Data records:
━━━━━━━━

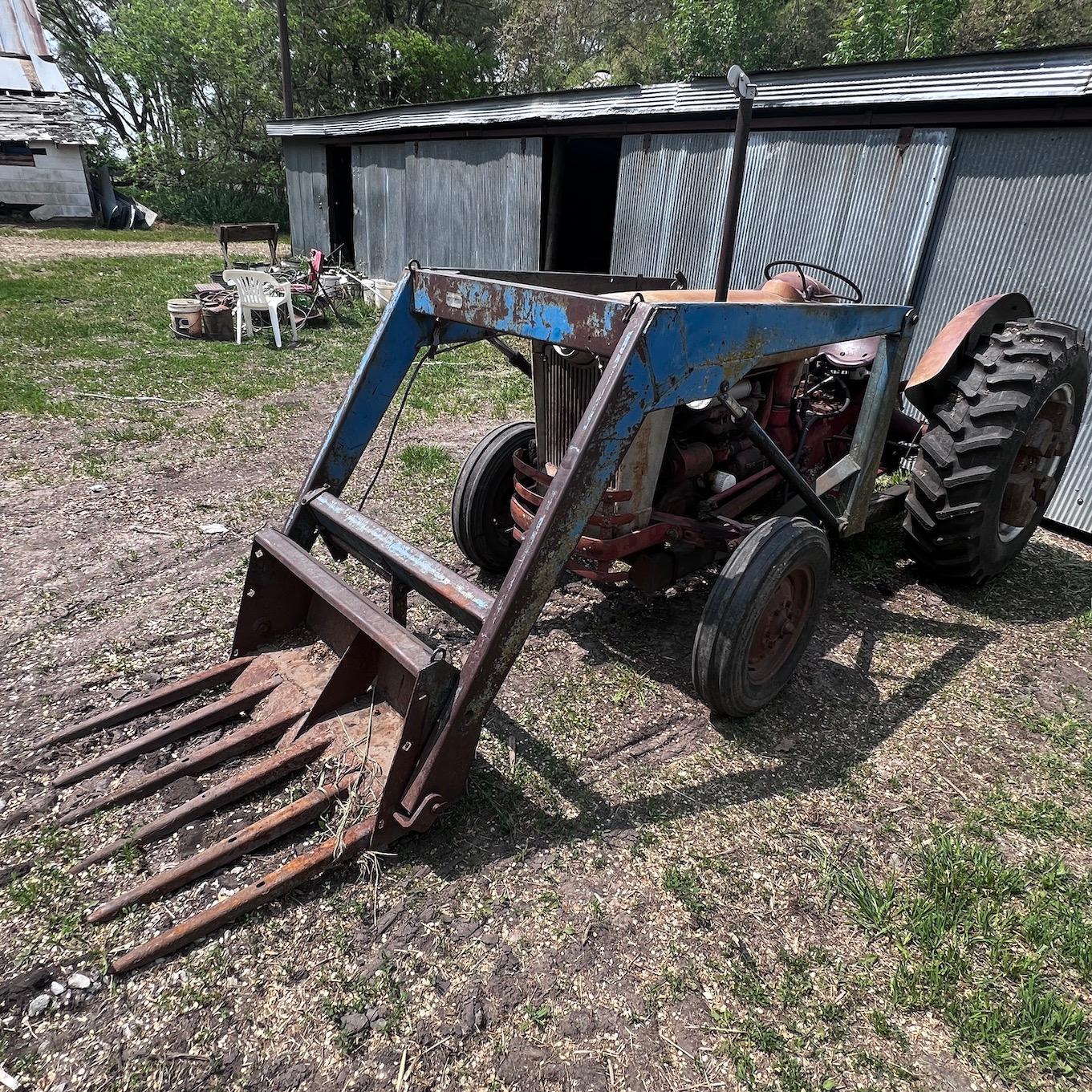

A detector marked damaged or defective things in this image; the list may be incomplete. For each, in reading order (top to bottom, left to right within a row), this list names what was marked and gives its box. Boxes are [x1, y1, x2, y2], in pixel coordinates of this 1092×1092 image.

rusty metal tine [32, 655, 258, 751]
rusty metal tine [54, 676, 282, 790]
rusty metal tine [56, 703, 307, 821]
rusty metal tine [68, 729, 330, 873]
rusty metal tine [88, 769, 358, 921]
rusty metal tine [109, 821, 377, 974]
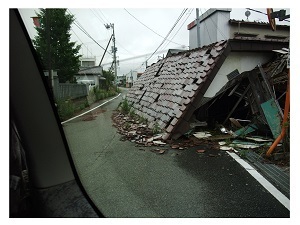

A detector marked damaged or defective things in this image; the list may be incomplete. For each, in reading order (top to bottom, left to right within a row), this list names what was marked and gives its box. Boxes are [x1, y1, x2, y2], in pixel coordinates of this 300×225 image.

broken roof [125, 39, 288, 141]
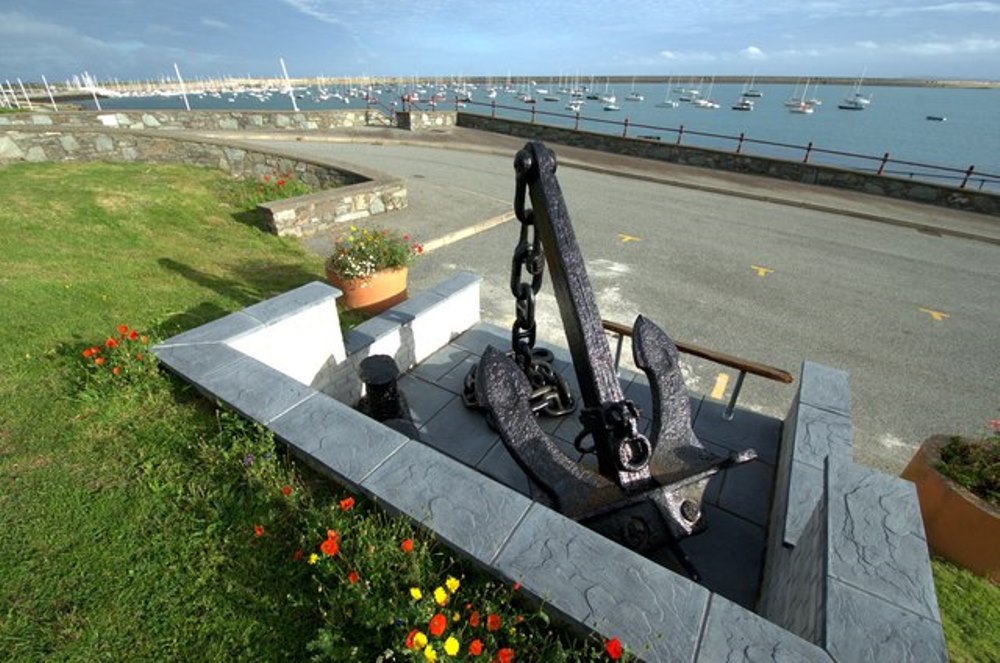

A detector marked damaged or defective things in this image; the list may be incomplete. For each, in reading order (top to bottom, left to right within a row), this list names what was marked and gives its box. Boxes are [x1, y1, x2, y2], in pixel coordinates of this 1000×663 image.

rusty metal planter [904, 434, 996, 584]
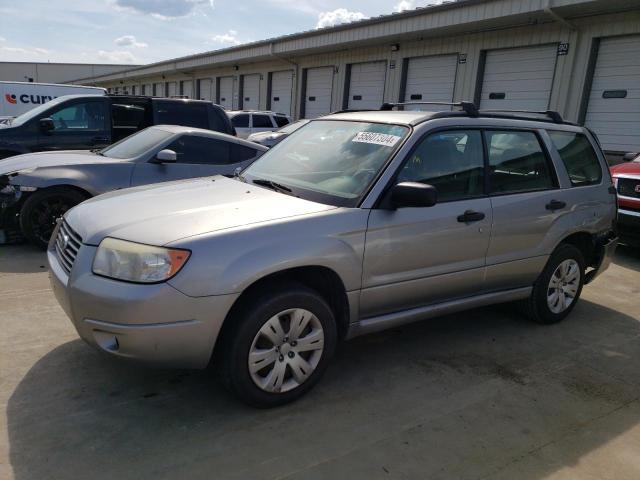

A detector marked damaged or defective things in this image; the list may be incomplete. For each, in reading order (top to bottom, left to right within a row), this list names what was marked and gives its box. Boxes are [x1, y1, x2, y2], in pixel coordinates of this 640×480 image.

damaged car with deployed hood [0, 124, 264, 248]
damaged car with deployed hood [50, 103, 620, 406]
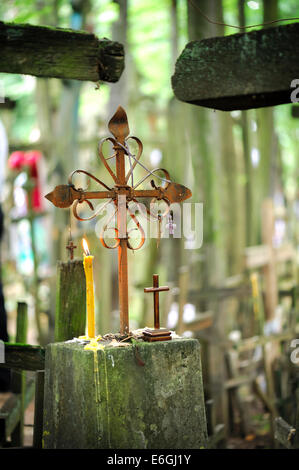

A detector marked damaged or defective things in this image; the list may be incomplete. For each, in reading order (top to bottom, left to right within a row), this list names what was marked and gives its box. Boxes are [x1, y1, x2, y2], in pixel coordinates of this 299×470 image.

rusted iron cross [45, 106, 193, 334]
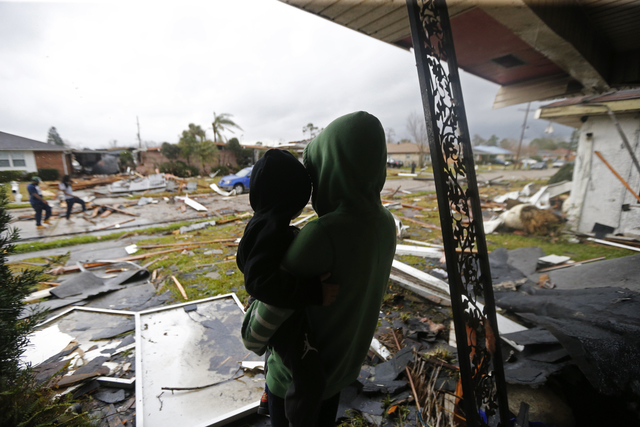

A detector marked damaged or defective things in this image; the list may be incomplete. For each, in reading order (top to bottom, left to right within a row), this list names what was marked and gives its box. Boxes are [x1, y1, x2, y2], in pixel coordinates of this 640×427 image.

damaged house [536, 89, 640, 239]
broken wall [564, 113, 640, 236]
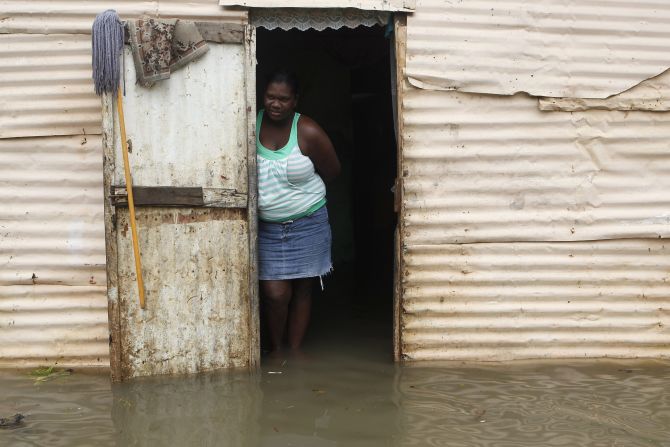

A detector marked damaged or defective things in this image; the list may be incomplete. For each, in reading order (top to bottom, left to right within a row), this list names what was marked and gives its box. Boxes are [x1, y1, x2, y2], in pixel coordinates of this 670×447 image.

━━━━━━━━

What you need to do:
The line containing "this 640×427 image." and all lines after it, through the last line of the records, should be returned exactly. Omit the pictures.

Solution to this problem:
A detector marked damaged or defective things in this image; the list may be incomplete. For each, in reading order (top to bottom, left to right within a row), this list names what was marked and gives its box. Boxes are [x1, y1, x2, y2], in pixel coordinates of this 640×427 image.

damaged house [536, 89, 640, 239]
broken wall [564, 113, 640, 236]

A detector marked damaged or defective things in this image; the list may be incomplete. For each, in reading order (top to bottom, left to right within a row), this list names what was marked and gives its box. Boxes are [x1, y1, x2, y2], in pixel coordinates of this 670×447 image.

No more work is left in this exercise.